Physicochemical Organic Matter Stabilization across a Restored Grassland Chronosequence

Abstract

Core Ideas • Twenty‐one years after cropland‐to‐grassland conversion, soil organic C (SOC) was within 5% of a new equilibrium but remained 64% of a never‐cultivated remnant. • Mineral‐associated and free particulate organic matter pools increased with time but microaggregate pools did not. • Ammonium oxalate‐extractable Fe was highly concentrated on microaggregate silt and clay. • Polyvalent cations and ammonium oxalate‐extractable Fe were not correlated to total SOC or soil N. In reconstructed grasslands, soil organic matter (SOM) is the largest CO2 and reactive N sink but SOM gains after reconstruction rarely achieve precultivation levels. Through a chronosequence of reconstructed grasslands 1 to 21 yr after establishment, we explored which physicochemical mechanisms protect accumulated soil organic C (SOC) and N from mineralization.

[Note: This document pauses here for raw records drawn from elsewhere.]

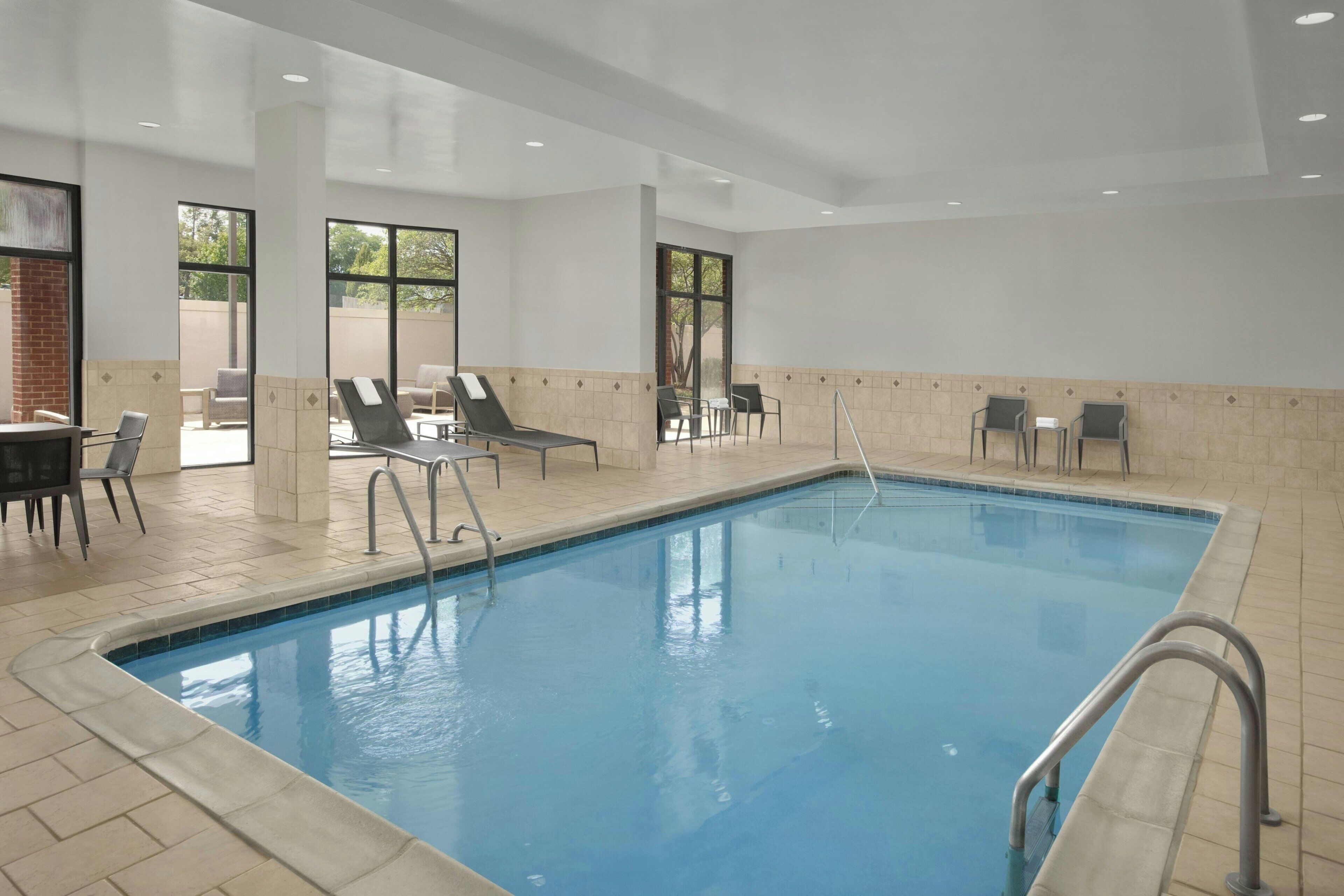 A swimming pool with lounge chairs and a sunbed area, surrounded by tiled walls and large windows.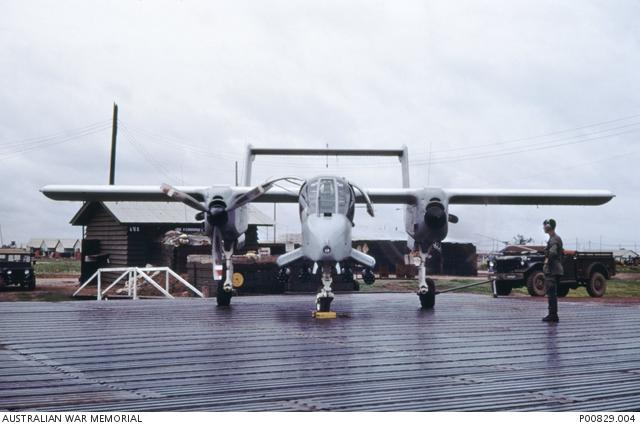 An OV-10 'Bronco' aircraft with one engine running on the tarmac at Di An, home of the US 2nd Brigade, 1st Infantry Division.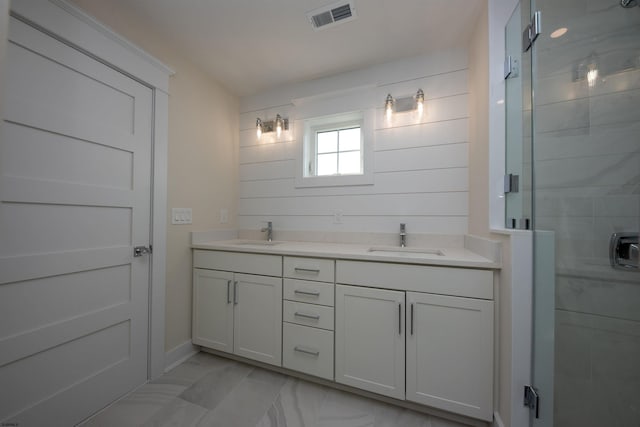 bathroom with marble finish floor, a stall shower, a sink, and visible vents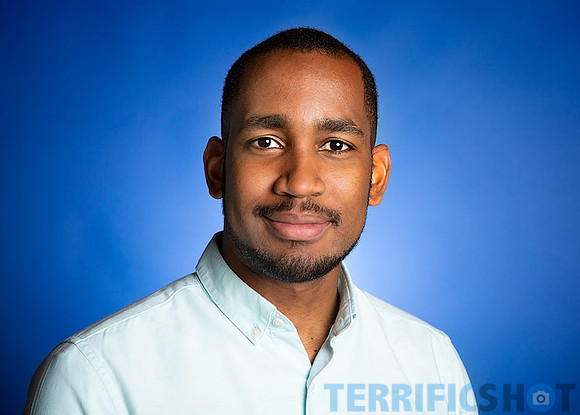man_with_light_blue_shirt_studio_background-min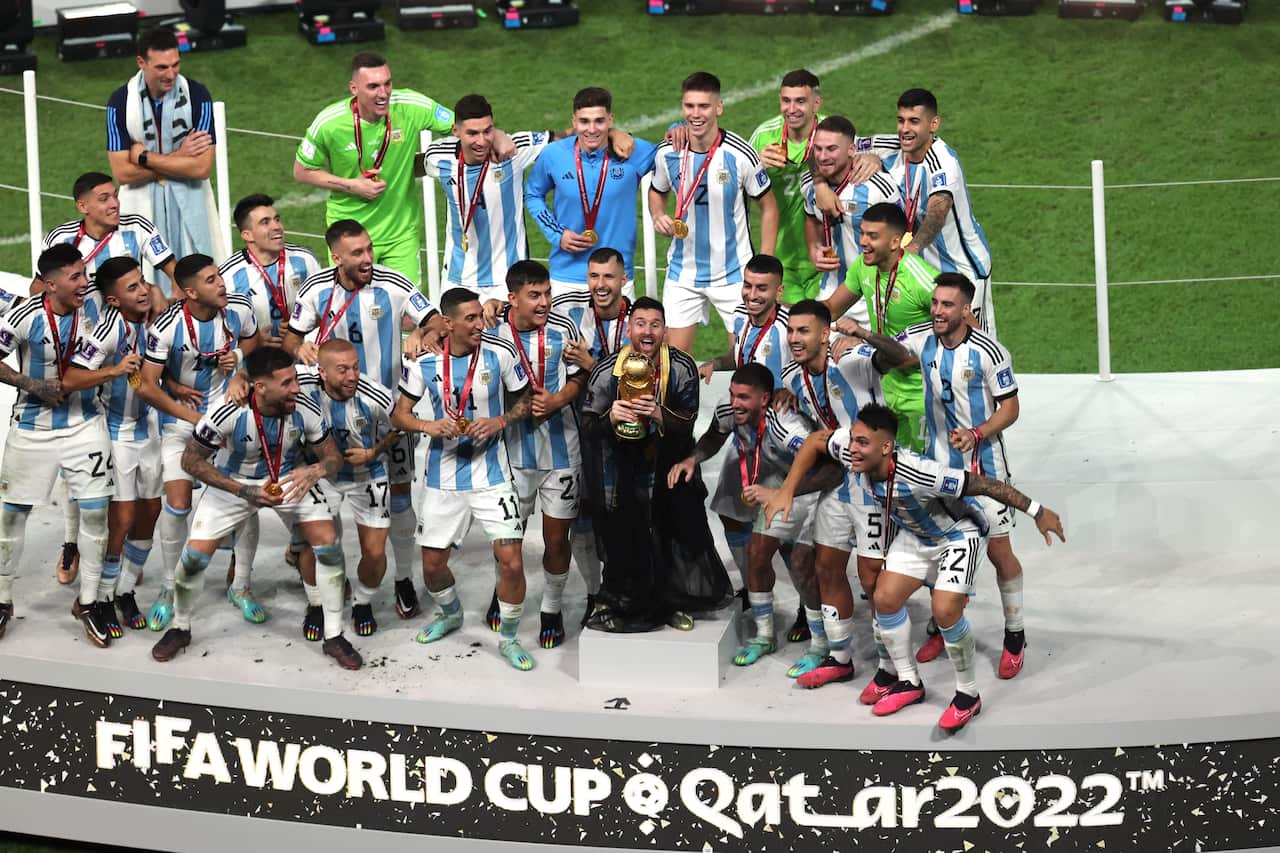 A football cheering while standing on a stage.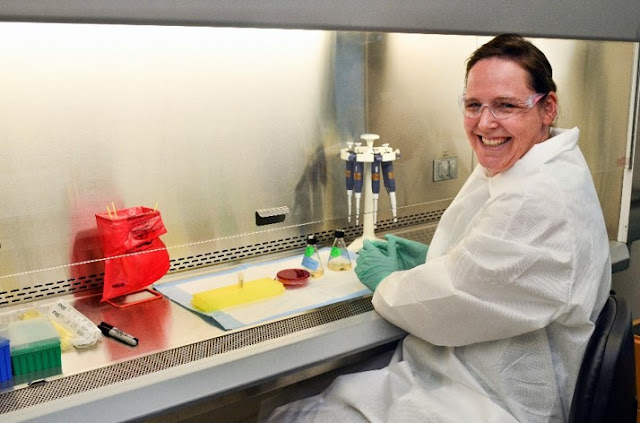 Dr. Riner sitting at a lab table 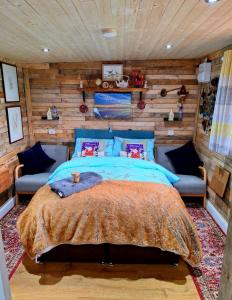 SwafieldLILAC COTTAGE cabin的一间卧室设有一张床和木墙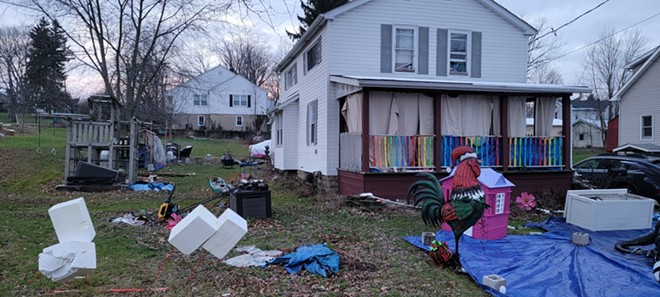 Bowman's yard on a recent January day showed some of the detritus that has neighbors upset. - MARIA ELENA SCOTT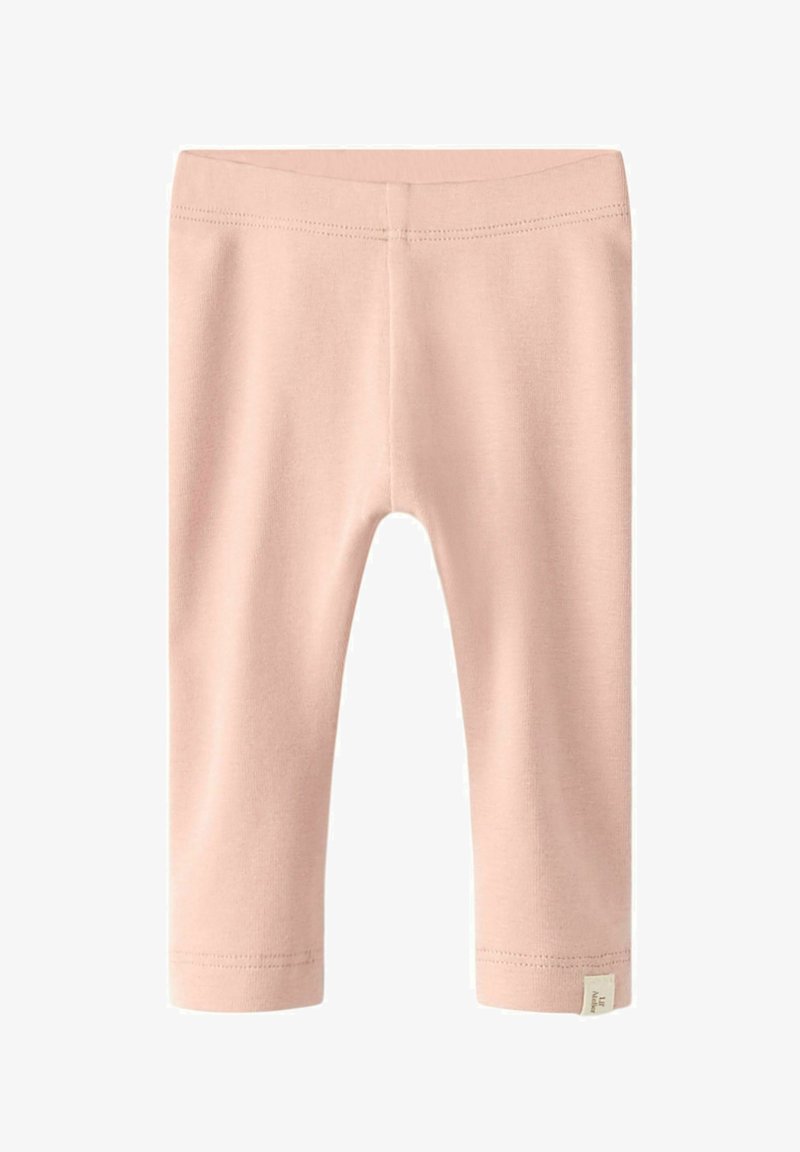 Bladoróżowe legginsy o gładkiej fakturze, długości do kostek, z przeszytym paskiem w talii. Zawierają małą metkę po boku.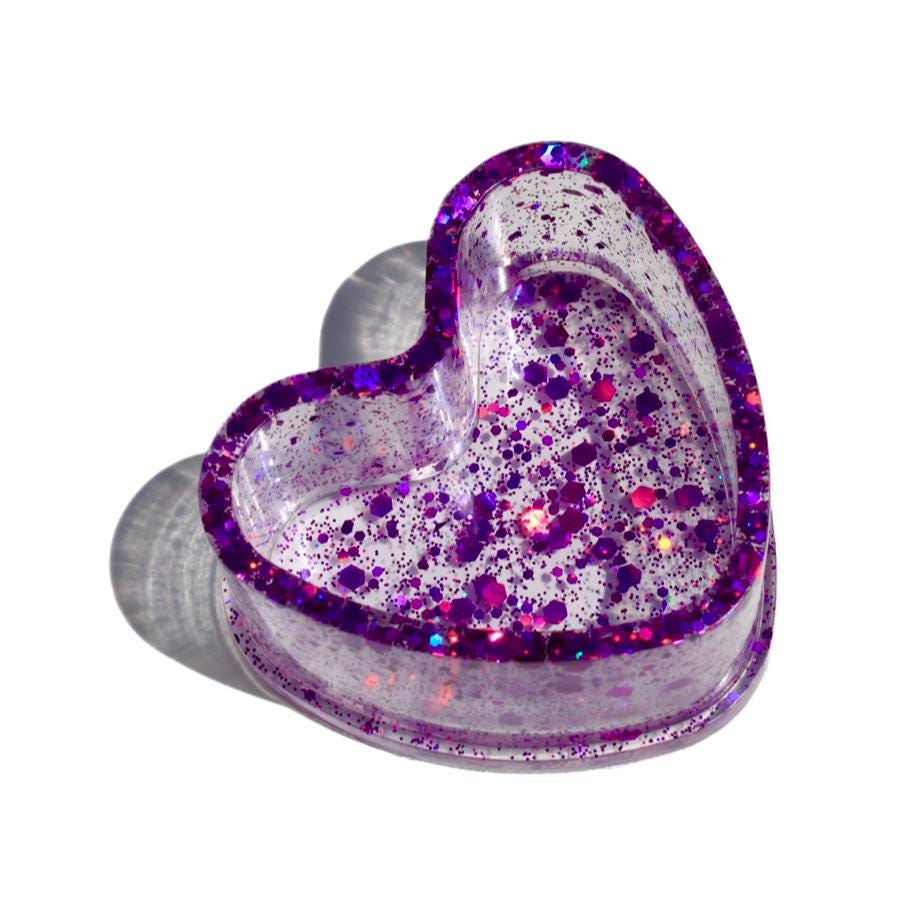 Heart-shaped ring dish with purple glitter on a white background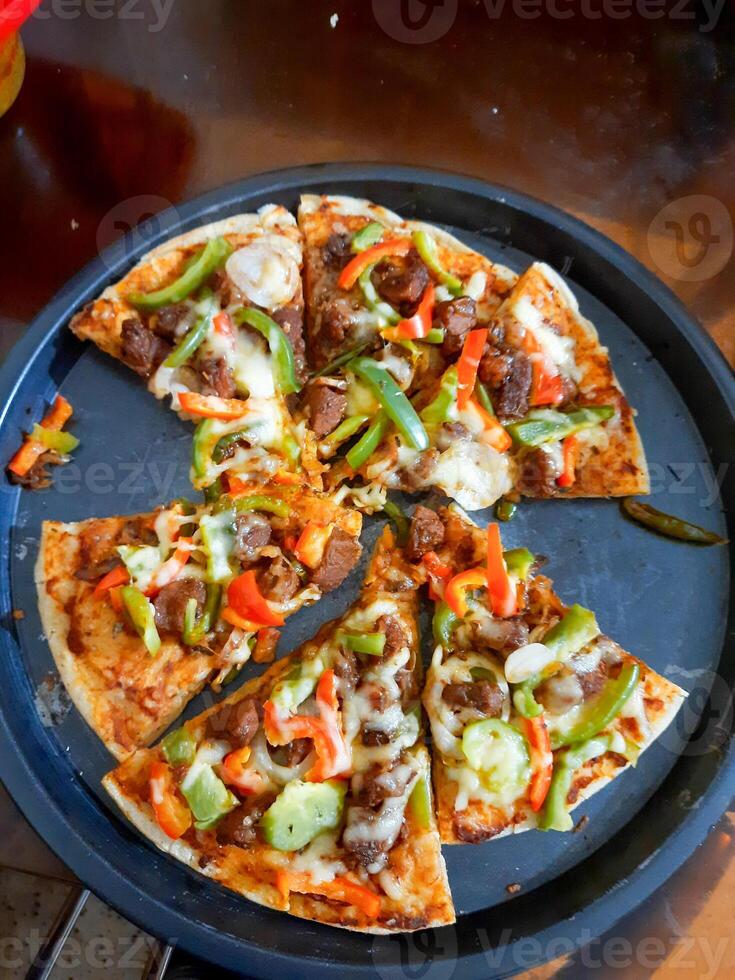 Pizza is a popular food in the western world photo
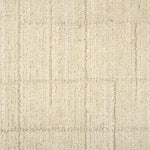 Textured carpet with a checkered pattern in cream tones.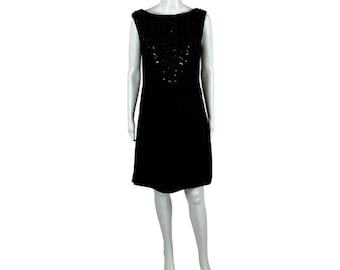 May include: A black sleeveless dress with a beaded neckline. The dress is knee-length and has a simple, elegant design.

After 21 yr, total SOC and soil N concentrations increased by 32 and 23%. The SOC concentration was within 5% of a new equilibrium but was 64% of a never‐cultivated remnant. Chemically stabilized C and N pools on free silt and clay surfaces increased with time. Coarse particulate organic matter C increased with time but accounted for <12% of SOC. Microaggregate‐stabilized SOM did not change. The positive linear relationship between total SOC and free silt and clay C indicates that 21 yr after establishment, reconstructions have unsatisfied capacity for further SOM storage, despite proximity to a new SOC equilibrium. The accumulated C and N associated with free silt and clay suggest that ammonium oxalate‐extractable Fe (AmOx‐Fe) and polyvalent cation concentrations could be correlated with total C and N stocks. These promote SOM stabilization and were possibly affected by human activity before reconstruction. However, AmOx‐Fe and polyvalent cation concentrations were not associated with total SOC or soil N and could not explain the slowing SOM accumulation. Regardless of time since reconstruction, AmOx‐Fe was highly concentrated on microaggregate surfaces compared with other fractions and was positively associated with microaggregate C and N, suggesting a link between Fe and microaggregate stabilization.